Noch immer hatte ich meinen ersten Sohn nicht bei mir. Die Mühlen der Justiz mahlten ihr Korn langsam, langsam. Es wurde Herbst, und ich hatte weder eine Spur von Stefan gefunden noch eine Idee, was ich tun könnte, wenn das zweite Baby da war. Mittlerweile konnte ich auch nicht mehr in der Gaststätte meines Bruders arbeiten. Meine Schwangerschaft behinderte mich körperlich, und die Leute tratschten, was das Zeug hielt. Sie tuschelten und fragten sich, wer wohl der Vater sein könnte. Ich schwieg zu den Fragen.
Oft saß ich nachts allein und traurig auf meinem Balkon. Ich saß auf einem Stuhl, schaute in die Sterne und fragte mich, wo Stefan wohl sein könnte. Konnte ein Mensch einfach so spurlos verschwinden? Nein, diese Möglichkeit schloss ich aus. Also saß ich, strich über meinen kleinen Bauch und schaute zu den Sternen. Ich heulte, was das Zeug hielt. Ich vermisste meine Mutter und vermisste meinen Vater. Und glaubte, Stefan sei tot. Ich fragte mich, was er wohl zu all dem sagen würde.

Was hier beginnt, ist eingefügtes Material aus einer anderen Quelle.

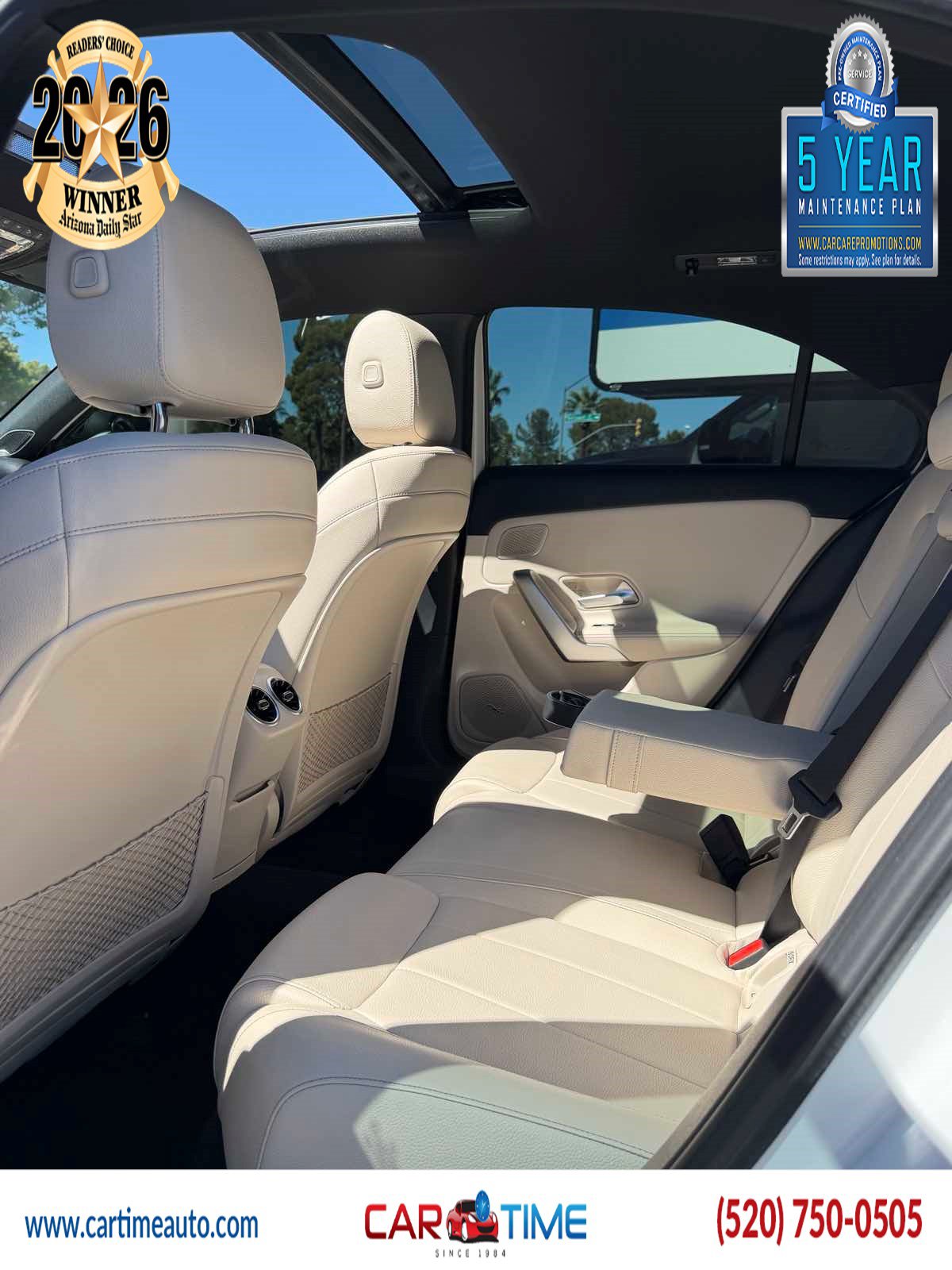 Used 2019 Mercedes-Benz A 220 image 22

14 Tage vor dem eigentlichen Geburtstermin sprach ich beim Jugendamt vor. Ich erkundigte mich nach der Möglichkeit, das ungeborene Kind zur Adoption zu geben. Die Vorstellung, mein Kind zu fremden Leuten zu geben, beunruhigte mich enorm, jedoch rechnete ich mit liebevollen Eltern, die das Jugendamt ja kennen musste.
Also unterschrieb ich die Papiere. Die Adoption wäre erst sechs Wochen nach der Geburt rechtsgültig. Das Kind käme direkt nach der Entbindung, ohne dass ich es sehen würde, zu den neuen Eltern. Meine Entscheidung war gefallen, genauso wollte ich es machen.

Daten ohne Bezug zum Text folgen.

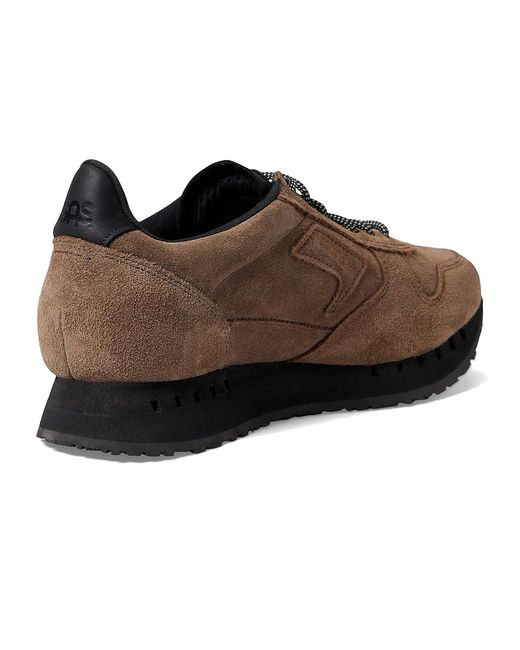 SAS Brown 7Eventy6Ix-Y (Almond) Shoes for men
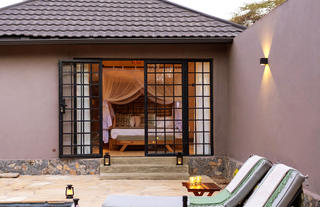 the lodge villa kudu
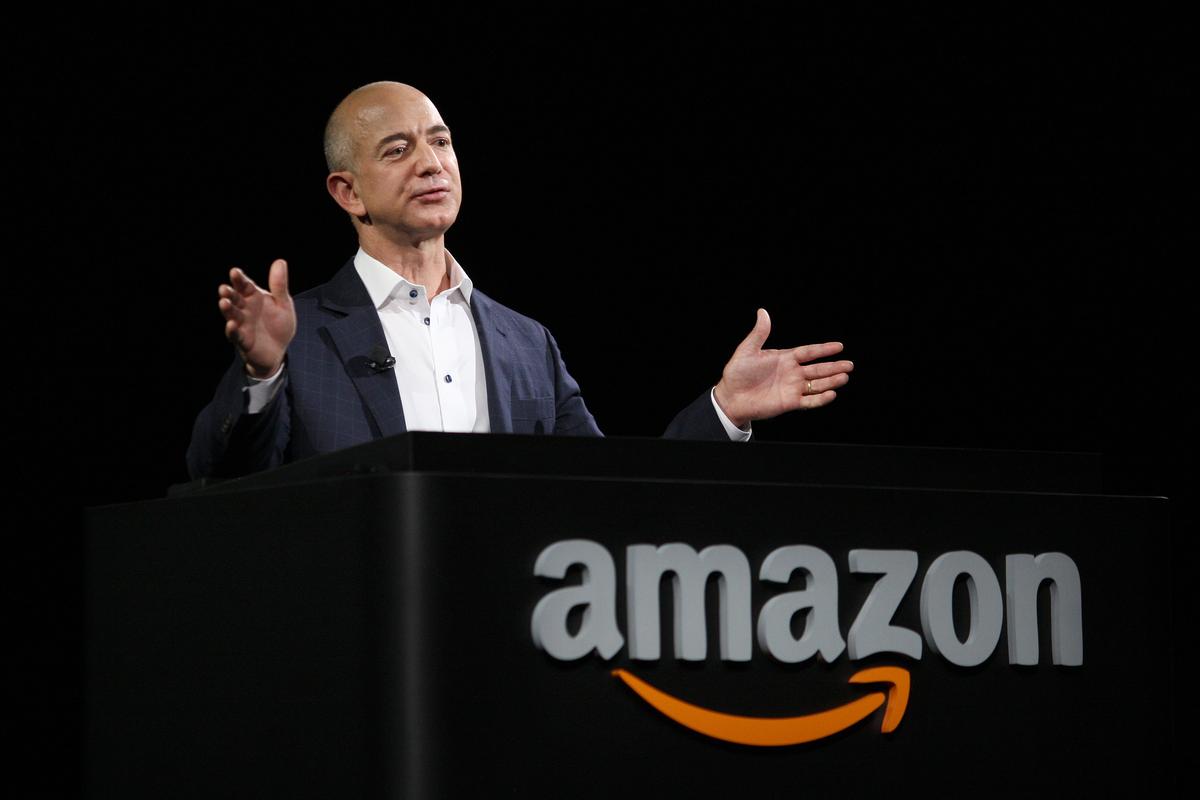 Washington Post Sold to Amazon’s Jeff Bezos for $250 Million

Wenige Tage vor der Geburt bestimmte auch das Oberlandesgericht das Sorgerecht zu meinen Gunsten, und ich war froh, dass ich nicht direkt im Gerichtssaal niederkam. Meinen Sohn würde ich jetzt bald bei mir haben. Bis dahin musste ich dafür Sorge tragen, dass auch mein anderes Kind … mein blauäugiges Baby … in gute, liebevolle Hände kam. Da stand der Freund von Stefan, mit dem ich ihn am letzten Tag gesehen hatte, plötzlich vor mir. Er hob lässig die Hand zum Gruß, ließ sich neben mir an der Theke nieder. »Bist du nicht ein Freund von Stefan?«, fragte ich. »Yepp«, sagte er und biss herzhaft in sein Brot.
»Kannst du mir sagen, wo er ist?«
»Theoretisch ja, praktisch nein«, endlich sah er mich an. »Niemand weiß, wo er ist. Nicht einmal seine Eltern.«
»Er könnte ja tot sein«, erwiderte ich aufgeregt.
»Der ist nicht tot«, er lachte jetzt, fand das irrsinnig komisch.